Tsnet not working on kubernetes with Linkerd service mesh

Hello,

I am playing around with tsnet and exposing a Go service to my tailnet. The service is running in a Digital Ocean kubernetes cluster, and everything works correctly when the service is not meshed with linkerd.

However, when the pod is meshed with linkerd, tsnet is not able to connect to tailscale with requests timing out. (Logs below)

If I had to guess, it would be that linkerd is intercepting the TCP traffic and doing things wrong.
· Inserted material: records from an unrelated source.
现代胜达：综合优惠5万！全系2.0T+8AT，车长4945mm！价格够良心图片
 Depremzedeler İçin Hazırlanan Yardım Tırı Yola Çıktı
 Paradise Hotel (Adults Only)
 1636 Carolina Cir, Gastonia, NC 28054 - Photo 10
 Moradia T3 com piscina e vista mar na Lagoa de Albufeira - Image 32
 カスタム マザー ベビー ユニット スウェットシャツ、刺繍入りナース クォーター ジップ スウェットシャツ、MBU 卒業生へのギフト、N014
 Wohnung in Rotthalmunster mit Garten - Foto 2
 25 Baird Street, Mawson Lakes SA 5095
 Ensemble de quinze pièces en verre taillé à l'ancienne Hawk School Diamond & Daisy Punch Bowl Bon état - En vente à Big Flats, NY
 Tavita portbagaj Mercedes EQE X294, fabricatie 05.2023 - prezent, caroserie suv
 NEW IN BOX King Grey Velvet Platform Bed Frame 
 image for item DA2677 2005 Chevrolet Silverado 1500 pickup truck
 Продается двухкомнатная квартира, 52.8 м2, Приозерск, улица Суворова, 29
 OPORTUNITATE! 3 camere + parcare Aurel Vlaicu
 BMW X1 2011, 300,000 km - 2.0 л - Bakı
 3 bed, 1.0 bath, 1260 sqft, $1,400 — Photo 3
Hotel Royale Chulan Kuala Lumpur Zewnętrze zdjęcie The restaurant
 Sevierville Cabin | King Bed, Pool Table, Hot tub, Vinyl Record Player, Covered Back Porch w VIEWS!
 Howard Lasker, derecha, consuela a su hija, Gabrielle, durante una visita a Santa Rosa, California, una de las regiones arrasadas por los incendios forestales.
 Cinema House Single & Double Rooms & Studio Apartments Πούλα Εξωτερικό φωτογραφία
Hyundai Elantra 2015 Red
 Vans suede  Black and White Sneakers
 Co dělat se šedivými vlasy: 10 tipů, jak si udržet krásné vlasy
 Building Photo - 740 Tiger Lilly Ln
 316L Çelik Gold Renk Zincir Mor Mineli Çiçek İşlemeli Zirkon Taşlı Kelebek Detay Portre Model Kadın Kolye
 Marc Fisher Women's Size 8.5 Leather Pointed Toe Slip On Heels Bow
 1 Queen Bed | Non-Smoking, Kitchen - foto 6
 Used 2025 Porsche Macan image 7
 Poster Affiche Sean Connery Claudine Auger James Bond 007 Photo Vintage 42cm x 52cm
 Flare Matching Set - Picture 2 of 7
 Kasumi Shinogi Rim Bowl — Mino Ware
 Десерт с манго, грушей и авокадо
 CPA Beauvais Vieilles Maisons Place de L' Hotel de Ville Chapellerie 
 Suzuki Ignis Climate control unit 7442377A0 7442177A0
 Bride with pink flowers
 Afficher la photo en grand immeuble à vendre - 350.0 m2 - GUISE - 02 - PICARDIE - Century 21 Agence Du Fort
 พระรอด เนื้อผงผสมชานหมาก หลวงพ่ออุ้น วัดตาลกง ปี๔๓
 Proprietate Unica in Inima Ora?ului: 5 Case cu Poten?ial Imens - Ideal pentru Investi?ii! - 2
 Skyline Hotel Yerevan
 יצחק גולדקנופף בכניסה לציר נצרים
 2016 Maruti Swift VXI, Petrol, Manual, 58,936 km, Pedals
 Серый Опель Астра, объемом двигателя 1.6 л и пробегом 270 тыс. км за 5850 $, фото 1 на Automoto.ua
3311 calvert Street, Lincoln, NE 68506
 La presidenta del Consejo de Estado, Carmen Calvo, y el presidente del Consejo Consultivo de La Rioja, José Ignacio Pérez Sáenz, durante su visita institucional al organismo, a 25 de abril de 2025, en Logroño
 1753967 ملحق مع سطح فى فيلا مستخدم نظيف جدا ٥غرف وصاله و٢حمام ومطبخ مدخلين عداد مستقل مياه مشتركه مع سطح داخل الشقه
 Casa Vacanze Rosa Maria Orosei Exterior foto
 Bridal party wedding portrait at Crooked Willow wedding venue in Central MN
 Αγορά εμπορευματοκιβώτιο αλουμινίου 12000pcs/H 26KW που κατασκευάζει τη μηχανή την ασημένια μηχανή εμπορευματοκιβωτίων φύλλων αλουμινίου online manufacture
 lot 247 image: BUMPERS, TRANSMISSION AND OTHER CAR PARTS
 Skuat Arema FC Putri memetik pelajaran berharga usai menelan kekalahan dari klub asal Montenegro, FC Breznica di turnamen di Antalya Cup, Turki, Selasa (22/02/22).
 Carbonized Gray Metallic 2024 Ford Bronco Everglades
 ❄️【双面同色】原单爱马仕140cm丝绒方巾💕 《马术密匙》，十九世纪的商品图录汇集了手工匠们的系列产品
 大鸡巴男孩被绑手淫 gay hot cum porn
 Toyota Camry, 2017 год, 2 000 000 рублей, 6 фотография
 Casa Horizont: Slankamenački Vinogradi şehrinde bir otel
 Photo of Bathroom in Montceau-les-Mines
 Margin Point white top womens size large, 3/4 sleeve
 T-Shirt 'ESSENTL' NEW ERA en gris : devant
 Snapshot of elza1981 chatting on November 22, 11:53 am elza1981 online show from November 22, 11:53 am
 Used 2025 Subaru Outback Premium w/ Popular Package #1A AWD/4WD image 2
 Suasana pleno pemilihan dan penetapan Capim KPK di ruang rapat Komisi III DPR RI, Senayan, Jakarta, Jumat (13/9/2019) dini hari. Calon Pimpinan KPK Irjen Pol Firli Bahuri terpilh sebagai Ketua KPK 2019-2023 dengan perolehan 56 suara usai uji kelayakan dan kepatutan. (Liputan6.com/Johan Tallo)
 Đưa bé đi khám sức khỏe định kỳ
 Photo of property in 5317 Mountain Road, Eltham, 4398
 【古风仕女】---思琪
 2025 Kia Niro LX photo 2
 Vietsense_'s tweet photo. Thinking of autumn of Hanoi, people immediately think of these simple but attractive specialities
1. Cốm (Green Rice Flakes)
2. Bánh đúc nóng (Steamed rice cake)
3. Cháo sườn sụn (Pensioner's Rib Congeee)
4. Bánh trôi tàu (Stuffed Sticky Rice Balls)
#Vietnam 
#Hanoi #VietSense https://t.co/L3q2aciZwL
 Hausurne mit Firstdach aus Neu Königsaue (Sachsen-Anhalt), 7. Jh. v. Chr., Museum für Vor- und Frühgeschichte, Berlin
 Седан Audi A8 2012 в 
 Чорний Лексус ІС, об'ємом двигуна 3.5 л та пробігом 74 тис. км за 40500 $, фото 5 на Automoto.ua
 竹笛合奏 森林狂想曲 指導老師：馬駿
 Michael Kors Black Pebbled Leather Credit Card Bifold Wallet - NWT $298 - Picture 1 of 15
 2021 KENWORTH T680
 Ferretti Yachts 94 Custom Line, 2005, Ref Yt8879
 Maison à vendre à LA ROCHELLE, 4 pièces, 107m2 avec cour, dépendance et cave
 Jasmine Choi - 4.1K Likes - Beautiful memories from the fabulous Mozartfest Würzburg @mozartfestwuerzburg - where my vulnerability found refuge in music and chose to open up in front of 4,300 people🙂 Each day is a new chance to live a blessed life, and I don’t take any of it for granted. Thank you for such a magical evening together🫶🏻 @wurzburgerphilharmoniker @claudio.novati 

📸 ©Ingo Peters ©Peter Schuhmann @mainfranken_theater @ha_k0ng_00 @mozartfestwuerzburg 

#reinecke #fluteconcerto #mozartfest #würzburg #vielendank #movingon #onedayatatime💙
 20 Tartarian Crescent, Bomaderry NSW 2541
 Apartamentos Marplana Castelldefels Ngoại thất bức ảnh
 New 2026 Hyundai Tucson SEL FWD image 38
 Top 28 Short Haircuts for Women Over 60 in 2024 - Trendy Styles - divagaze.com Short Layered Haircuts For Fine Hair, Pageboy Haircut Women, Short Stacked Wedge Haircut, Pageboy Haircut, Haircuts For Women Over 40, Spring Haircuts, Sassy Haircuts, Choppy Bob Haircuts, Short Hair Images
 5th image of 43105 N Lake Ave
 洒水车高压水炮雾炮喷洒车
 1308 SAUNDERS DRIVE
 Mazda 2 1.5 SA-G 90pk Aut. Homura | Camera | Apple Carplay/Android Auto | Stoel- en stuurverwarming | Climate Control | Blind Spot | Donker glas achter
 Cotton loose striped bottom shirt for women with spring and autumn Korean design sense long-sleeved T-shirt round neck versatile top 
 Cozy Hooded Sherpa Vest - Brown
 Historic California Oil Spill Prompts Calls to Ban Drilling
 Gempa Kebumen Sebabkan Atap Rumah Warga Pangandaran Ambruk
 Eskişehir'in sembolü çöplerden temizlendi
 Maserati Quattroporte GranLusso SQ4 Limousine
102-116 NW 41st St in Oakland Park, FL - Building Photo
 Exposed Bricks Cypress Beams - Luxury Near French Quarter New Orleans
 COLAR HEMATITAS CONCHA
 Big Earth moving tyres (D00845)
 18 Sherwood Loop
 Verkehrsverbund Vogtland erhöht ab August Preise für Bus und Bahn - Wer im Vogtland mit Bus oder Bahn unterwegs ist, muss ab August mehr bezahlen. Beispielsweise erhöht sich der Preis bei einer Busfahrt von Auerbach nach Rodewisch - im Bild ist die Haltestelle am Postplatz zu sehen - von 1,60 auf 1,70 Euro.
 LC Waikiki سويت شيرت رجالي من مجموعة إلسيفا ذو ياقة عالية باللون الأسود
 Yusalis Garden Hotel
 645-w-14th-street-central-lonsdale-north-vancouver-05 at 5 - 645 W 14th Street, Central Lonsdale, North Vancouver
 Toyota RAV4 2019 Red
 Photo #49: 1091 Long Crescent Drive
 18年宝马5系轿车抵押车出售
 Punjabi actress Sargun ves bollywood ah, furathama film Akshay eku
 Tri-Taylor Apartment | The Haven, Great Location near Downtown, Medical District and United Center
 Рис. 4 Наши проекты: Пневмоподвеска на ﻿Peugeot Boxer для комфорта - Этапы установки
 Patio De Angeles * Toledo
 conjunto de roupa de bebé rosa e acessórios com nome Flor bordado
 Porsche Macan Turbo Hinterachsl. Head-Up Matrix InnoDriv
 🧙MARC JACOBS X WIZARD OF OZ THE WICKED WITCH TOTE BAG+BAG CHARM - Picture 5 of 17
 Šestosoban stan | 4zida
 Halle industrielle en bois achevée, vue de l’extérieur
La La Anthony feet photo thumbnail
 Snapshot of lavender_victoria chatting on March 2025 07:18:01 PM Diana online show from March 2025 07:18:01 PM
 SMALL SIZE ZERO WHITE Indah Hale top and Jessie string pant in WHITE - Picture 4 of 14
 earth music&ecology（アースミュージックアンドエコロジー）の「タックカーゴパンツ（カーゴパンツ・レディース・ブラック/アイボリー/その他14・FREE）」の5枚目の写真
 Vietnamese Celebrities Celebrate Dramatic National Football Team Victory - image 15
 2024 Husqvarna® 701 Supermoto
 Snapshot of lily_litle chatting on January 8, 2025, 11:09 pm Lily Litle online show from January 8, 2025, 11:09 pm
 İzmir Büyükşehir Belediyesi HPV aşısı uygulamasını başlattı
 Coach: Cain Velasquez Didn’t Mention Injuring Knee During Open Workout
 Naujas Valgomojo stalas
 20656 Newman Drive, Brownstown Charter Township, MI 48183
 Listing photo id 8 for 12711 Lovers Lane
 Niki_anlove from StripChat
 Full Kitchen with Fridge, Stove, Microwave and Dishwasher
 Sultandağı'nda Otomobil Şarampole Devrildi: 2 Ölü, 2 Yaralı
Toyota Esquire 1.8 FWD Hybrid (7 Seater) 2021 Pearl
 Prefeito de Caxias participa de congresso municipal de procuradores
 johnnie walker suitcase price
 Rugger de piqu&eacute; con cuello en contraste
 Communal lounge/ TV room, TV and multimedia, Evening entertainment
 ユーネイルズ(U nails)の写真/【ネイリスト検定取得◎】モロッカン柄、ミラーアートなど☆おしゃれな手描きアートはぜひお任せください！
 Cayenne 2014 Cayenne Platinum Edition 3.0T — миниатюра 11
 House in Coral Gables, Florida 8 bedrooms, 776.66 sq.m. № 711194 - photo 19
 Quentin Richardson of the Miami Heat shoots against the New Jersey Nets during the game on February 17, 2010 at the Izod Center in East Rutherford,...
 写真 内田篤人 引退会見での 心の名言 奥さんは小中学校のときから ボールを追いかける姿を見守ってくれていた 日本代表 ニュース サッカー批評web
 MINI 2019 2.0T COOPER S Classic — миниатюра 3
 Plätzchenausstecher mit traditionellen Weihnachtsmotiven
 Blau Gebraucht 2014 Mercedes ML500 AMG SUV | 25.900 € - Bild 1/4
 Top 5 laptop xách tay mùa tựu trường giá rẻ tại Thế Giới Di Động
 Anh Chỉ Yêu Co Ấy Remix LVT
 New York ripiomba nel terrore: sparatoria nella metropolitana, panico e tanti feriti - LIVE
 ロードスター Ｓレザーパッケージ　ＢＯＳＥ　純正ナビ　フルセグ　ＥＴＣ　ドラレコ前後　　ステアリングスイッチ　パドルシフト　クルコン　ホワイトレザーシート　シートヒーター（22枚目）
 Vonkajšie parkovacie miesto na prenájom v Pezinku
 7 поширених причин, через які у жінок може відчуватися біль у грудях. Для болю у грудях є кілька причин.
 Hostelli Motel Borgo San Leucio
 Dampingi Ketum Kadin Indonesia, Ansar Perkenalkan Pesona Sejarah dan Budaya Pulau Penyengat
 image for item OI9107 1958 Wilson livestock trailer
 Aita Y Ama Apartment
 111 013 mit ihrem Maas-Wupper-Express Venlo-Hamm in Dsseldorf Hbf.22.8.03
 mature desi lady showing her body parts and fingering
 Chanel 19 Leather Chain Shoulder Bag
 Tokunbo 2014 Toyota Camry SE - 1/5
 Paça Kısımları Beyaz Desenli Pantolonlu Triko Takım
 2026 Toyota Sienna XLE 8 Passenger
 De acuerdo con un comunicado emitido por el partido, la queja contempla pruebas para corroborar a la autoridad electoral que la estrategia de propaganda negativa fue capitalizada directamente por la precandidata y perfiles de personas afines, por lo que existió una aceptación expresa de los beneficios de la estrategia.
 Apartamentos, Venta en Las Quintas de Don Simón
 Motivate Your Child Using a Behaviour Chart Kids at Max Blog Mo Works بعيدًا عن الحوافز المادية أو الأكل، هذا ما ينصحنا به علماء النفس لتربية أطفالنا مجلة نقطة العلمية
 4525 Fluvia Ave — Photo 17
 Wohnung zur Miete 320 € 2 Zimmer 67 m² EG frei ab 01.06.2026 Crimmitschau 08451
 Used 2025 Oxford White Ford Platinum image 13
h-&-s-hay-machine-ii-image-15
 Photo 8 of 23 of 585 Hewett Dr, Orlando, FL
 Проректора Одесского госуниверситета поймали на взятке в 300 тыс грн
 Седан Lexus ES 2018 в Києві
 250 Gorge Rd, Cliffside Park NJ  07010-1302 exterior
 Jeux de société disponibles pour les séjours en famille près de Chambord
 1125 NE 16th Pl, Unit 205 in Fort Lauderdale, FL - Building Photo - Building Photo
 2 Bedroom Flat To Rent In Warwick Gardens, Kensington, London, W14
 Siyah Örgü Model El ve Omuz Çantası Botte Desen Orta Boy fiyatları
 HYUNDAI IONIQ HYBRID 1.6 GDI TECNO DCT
It is possible to tell Linkerd to skip outgoing ports,, but if I understand tsnet correctly, the port I’d need to skip is being picked dynamically.

Skipping all outbound ports with config.linkerd.io/skip-outbound-ports: 1-90000 seems to work, but this could be a red herring.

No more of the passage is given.